Fullerton Deluxe and CLF – These are the guitars designed to keep the factory humming, and these “SKU” guitars with UPC codes are the meat-and-potatoes of Sweetwater and the other large internet retailers. Prices are up about 10% and while they continue to tweak the available colors, the typical offerings are intact. The big news is that the Rampage is back in single, HH, and Fishman Fluence formats. There is a new color called Purpleburst which we really like a lot, and as always G&L remains lefty-friendly with a good selection of models.
In the CLF world the Espada HH and HH Active also joins the price list. The Espada is a nice looking guitar and we imagine that G&L is wagering that people turned off by the look of the split pickups will be attracted to a more conventional HH format (and the HH is available in more finishes than the original model).
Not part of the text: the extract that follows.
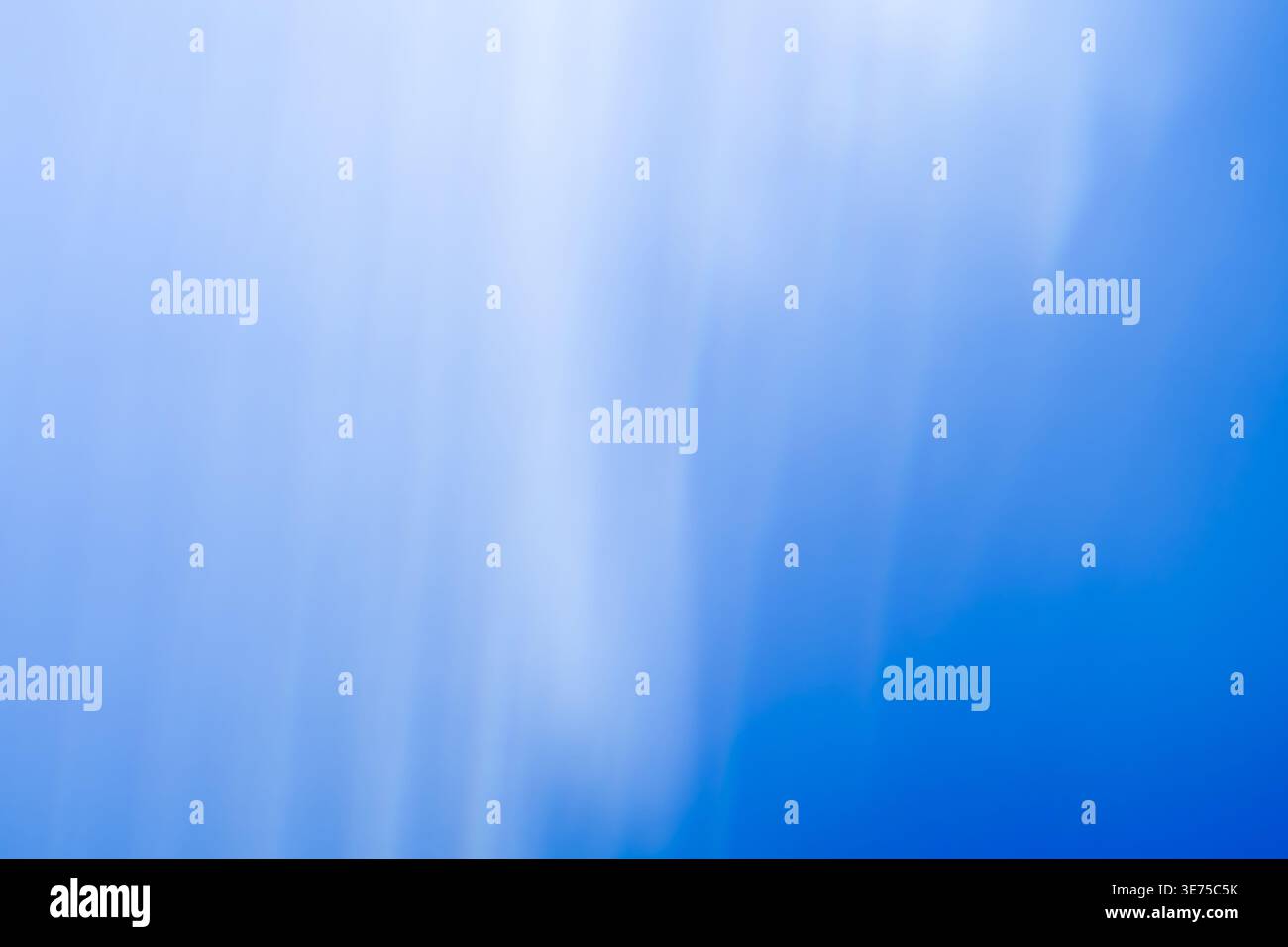 Soft ethereal blue and white abstract gradient background with subtle light rays Stock Photo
Other than that, no big changes to lineup, although we really wish they would stop using that bar-type string tree, whether Leo thought it was a good idea or not. We’ve put more than our share of shims under the bar to get enough string pressure.
The Wrap – After two years of hot sales, price increases material shortages the guitar market is cooling off in a big way. Not because players are abandoning the guitar, but because with stimulus money many people have bought what the needed, wanted, or thought they wanted. And with travel/leisure wide open since mid-2021 consumers have more options on where to spend their money. This is true with just about every other musical product category. Now manufacturers are cutting models, trying to save cost, and simplifying their offerings. G&L is not immune to those pressures, but much of the line remains intact. And if you’ve shopped for an American Vintage II Fender — which has no options — the BTO’s are very close in price, and the Fullerton Deluxe very competitive. Our early experience with the Custom Shop was a bit rocky, but they’ve honed their processes over the past couple years and their recent work has been stellar. Nothing ever stays the same, but G&L has done better than most to stay true to their mission.